Your instructions - The full listing, returned exactly and free of pictures, is the expected answer.

Material provided -
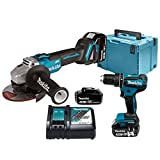 Makita DLX2334J Akku-Kombo-Kit 18 V (DHP485Z + DGA504Z)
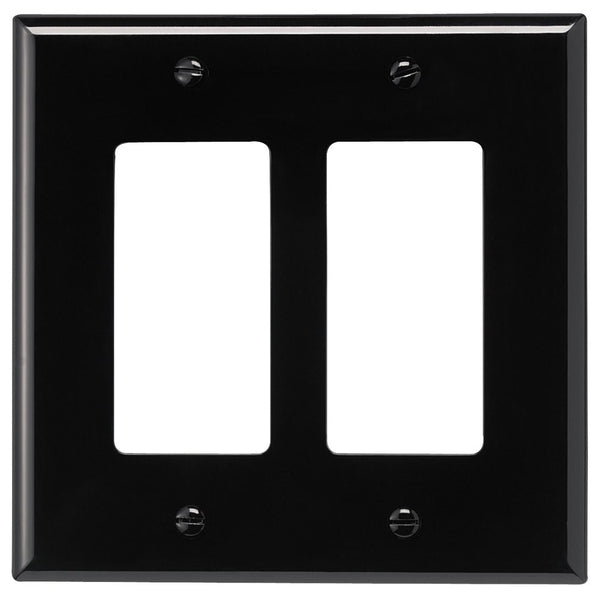 COOPER WIRING PJ262BK Wall Plate, Black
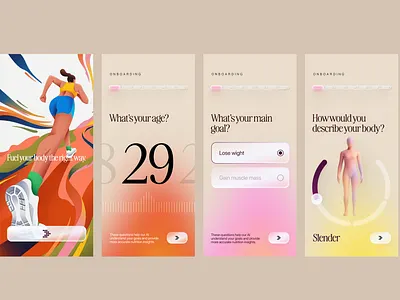 Caloria AI app branding color design illustration iphone logo page ui web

Answer space -
 Makita DLX2334J Akku-Kombo-Kit 18 V (DHP485Z + DGA504Z)
 COOPER WIRING PJ262BK Wall Plate, Black
 Caloria AI app branding color design illustration iphone logo page ui web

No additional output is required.